• [Data in this exercise]
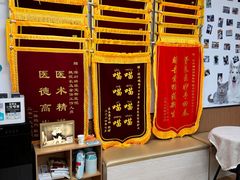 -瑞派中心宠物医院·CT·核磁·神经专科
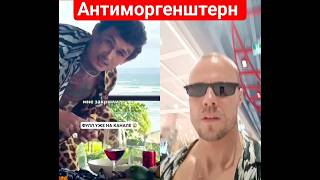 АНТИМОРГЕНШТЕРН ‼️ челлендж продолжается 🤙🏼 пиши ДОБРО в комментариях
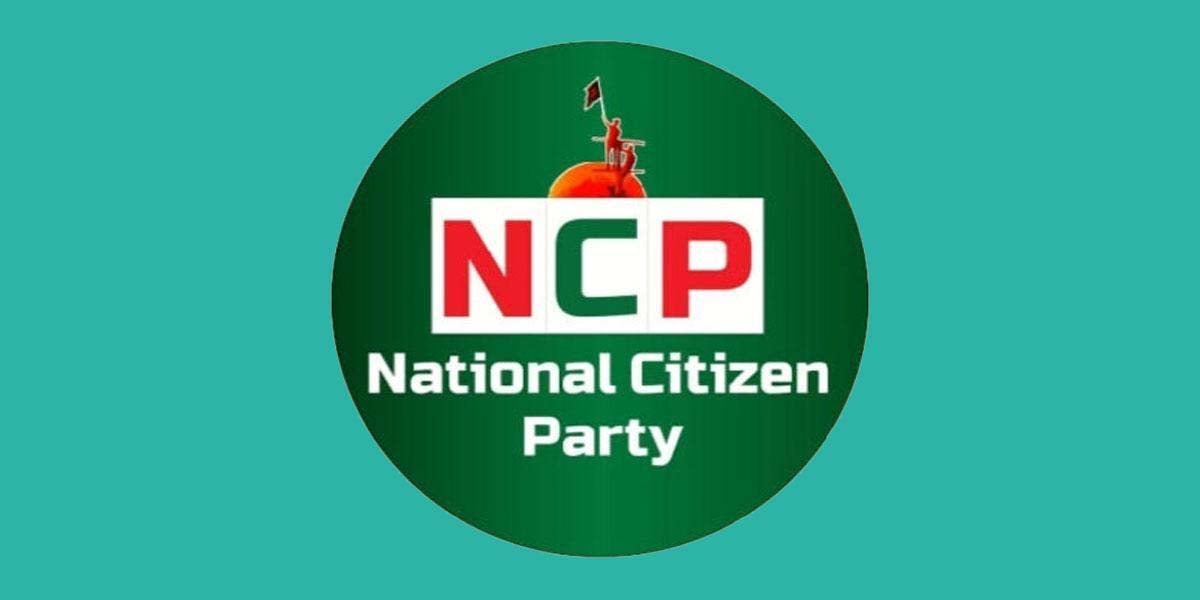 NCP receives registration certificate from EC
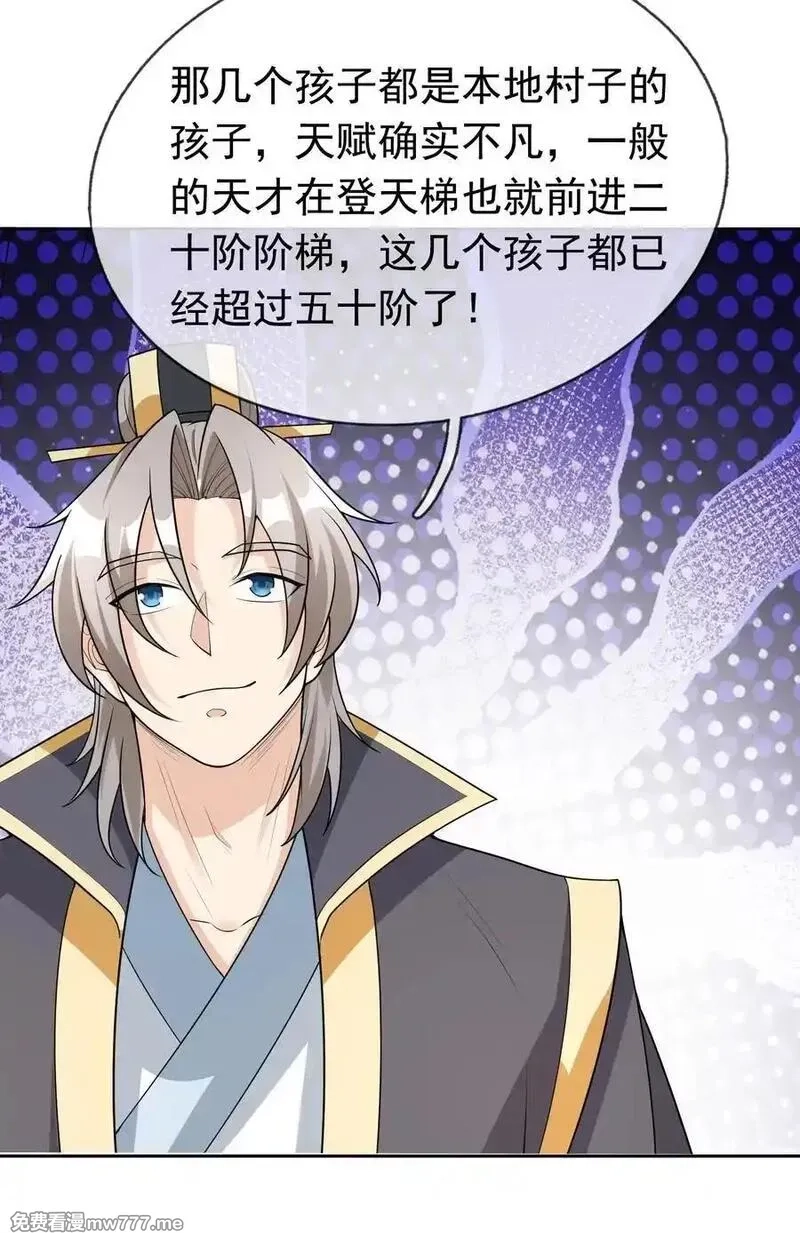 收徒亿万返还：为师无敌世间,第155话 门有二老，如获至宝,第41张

==

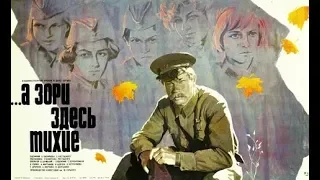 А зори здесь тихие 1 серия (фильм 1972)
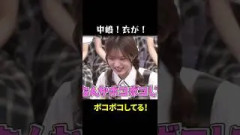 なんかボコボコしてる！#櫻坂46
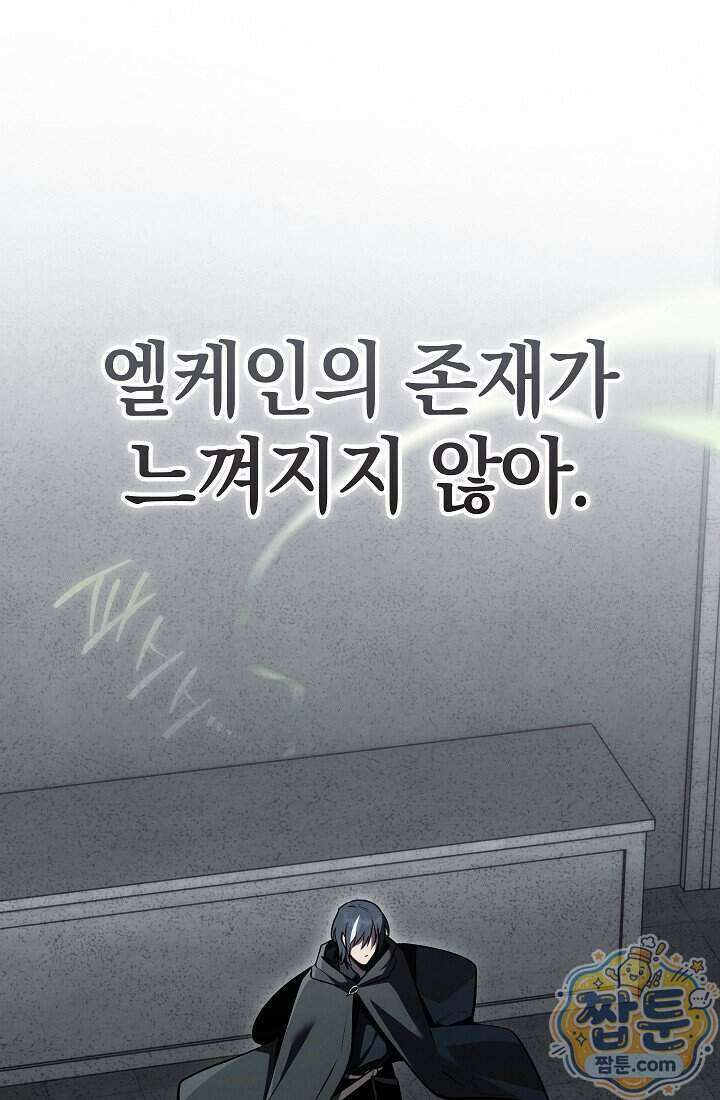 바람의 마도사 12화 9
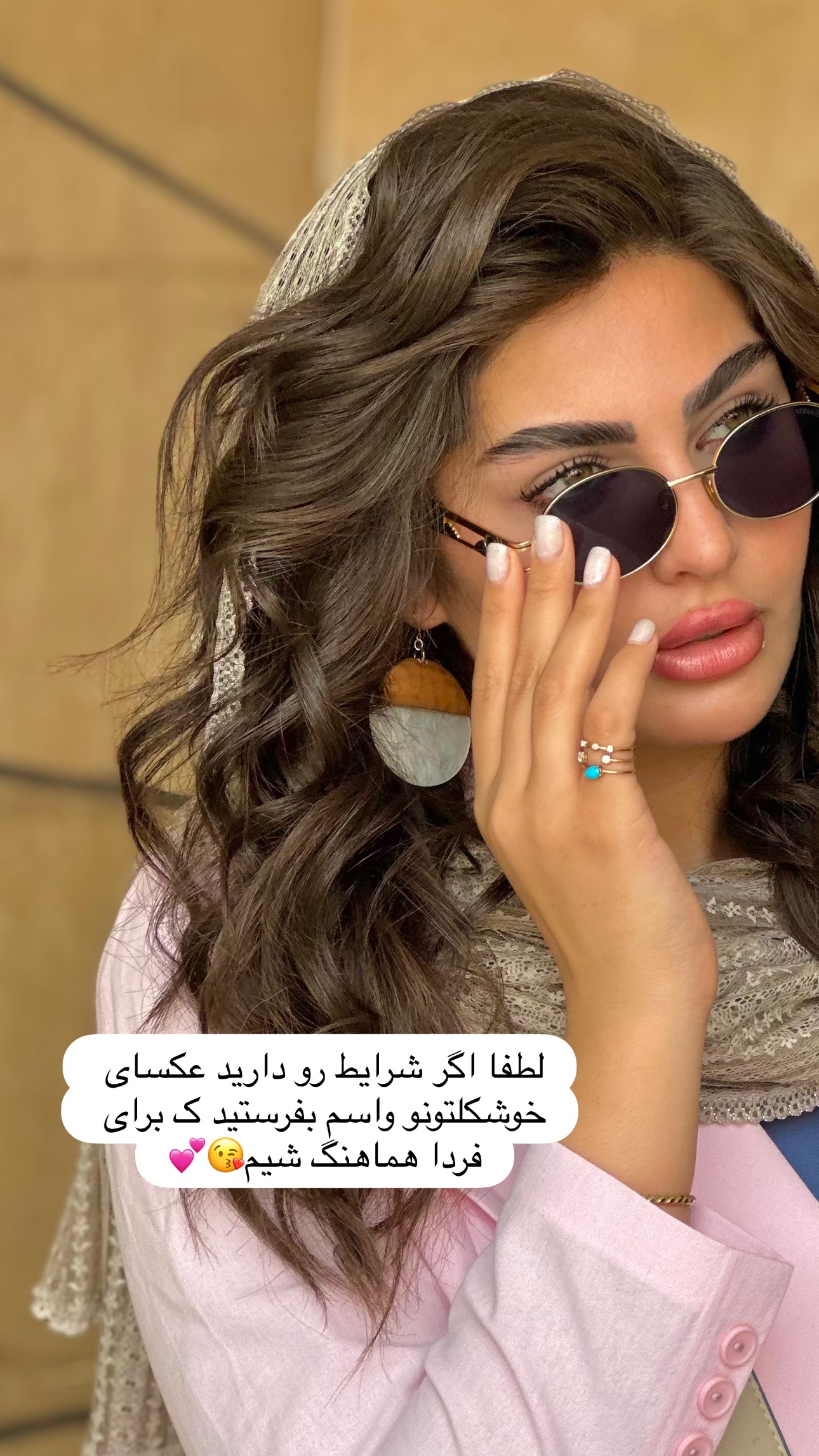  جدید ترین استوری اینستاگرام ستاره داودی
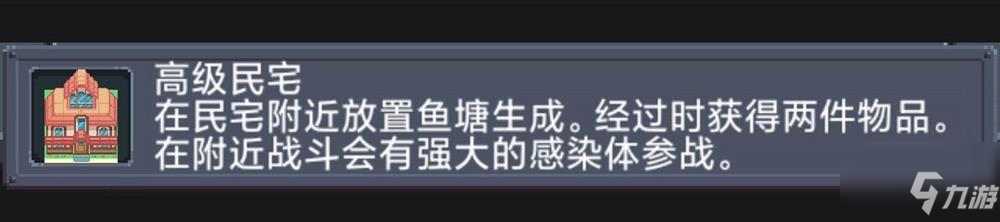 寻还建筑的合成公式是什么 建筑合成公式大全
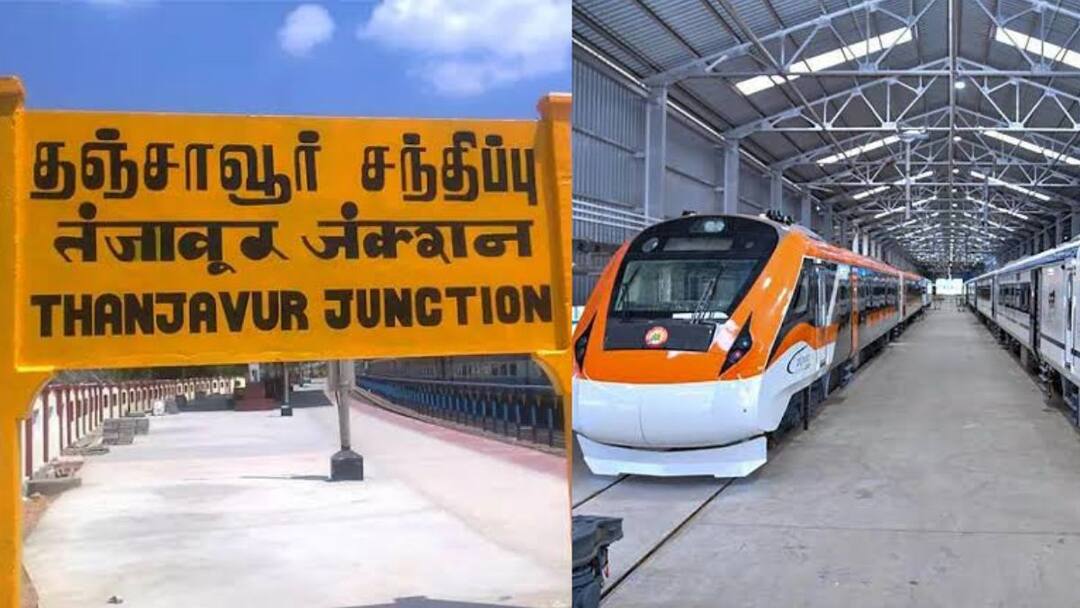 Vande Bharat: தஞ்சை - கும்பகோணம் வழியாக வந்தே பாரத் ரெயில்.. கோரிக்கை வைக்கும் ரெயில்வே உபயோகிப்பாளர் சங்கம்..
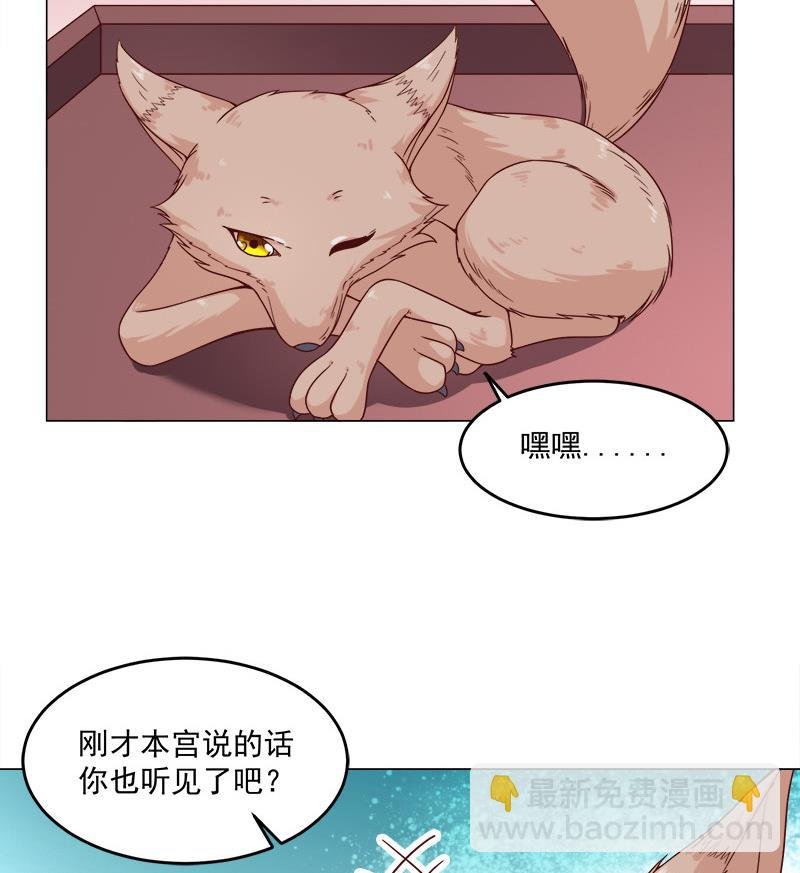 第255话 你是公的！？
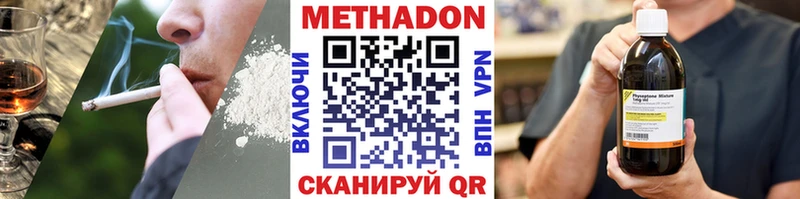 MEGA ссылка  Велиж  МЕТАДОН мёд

==

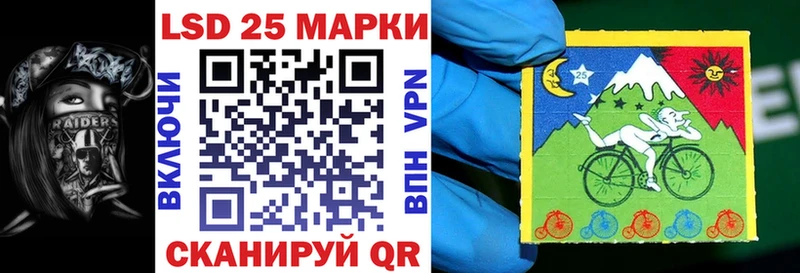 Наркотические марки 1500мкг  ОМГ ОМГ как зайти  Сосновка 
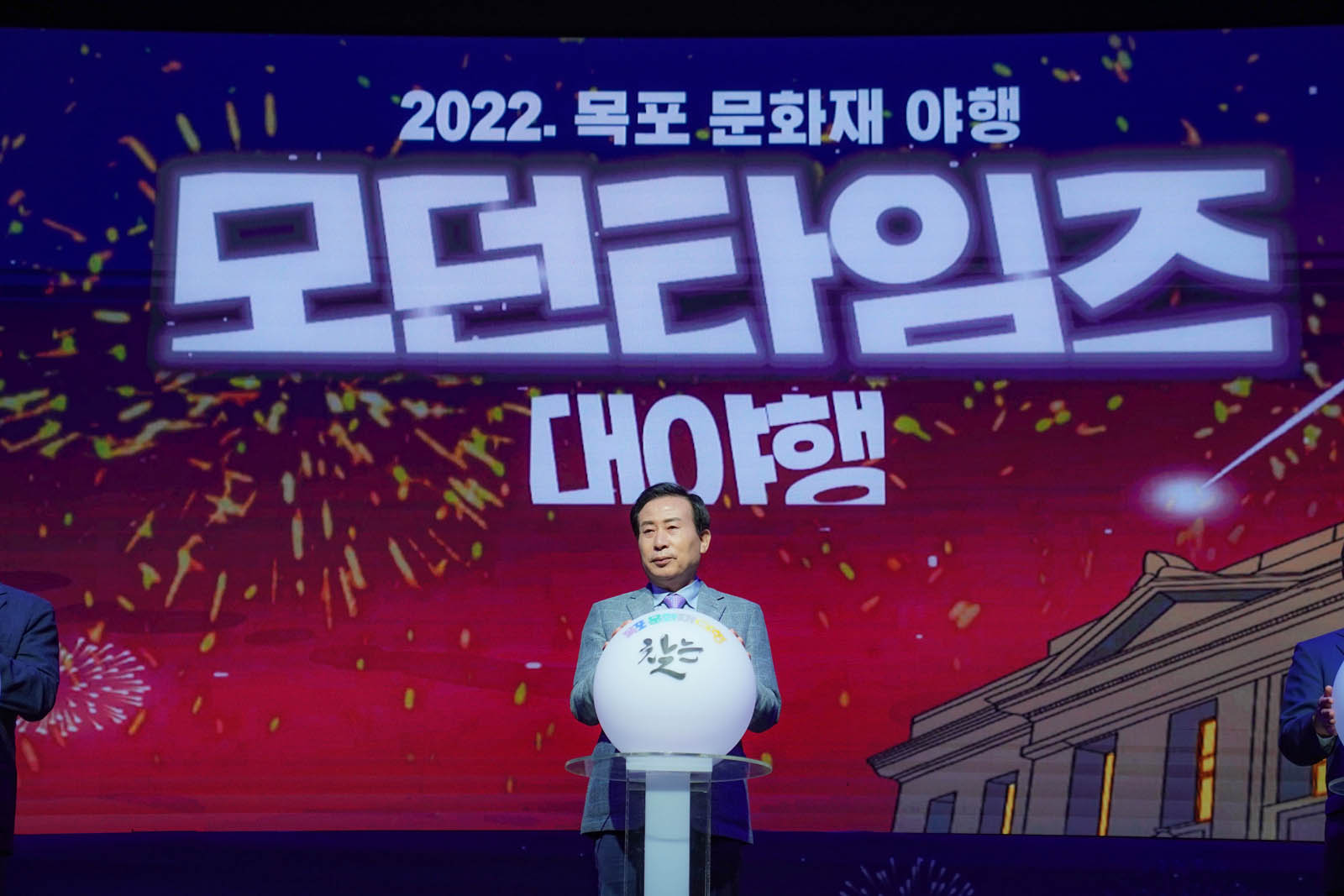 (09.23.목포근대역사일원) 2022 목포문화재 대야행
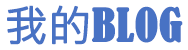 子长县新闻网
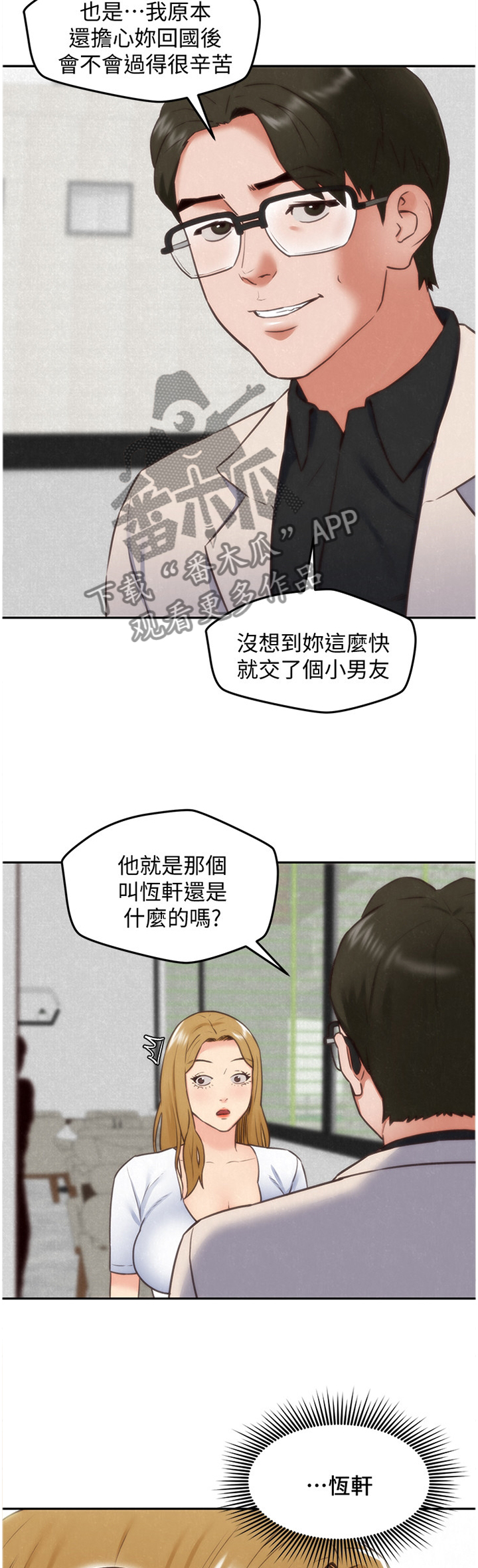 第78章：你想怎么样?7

• [Assignment]
Although the records above contain pictures, the copy should not; retype exactly the lines from the one containing "NCP receives registration" through the one containing "收徒亿万返还：为师无敌世间,第155话 门有二老，如获至宝,第41张".

• [Written reply]
 NCP receives registration certificate from EC
 收徒亿万返还：为师无敌世间,第155话 门有二老，如获至宝,第41张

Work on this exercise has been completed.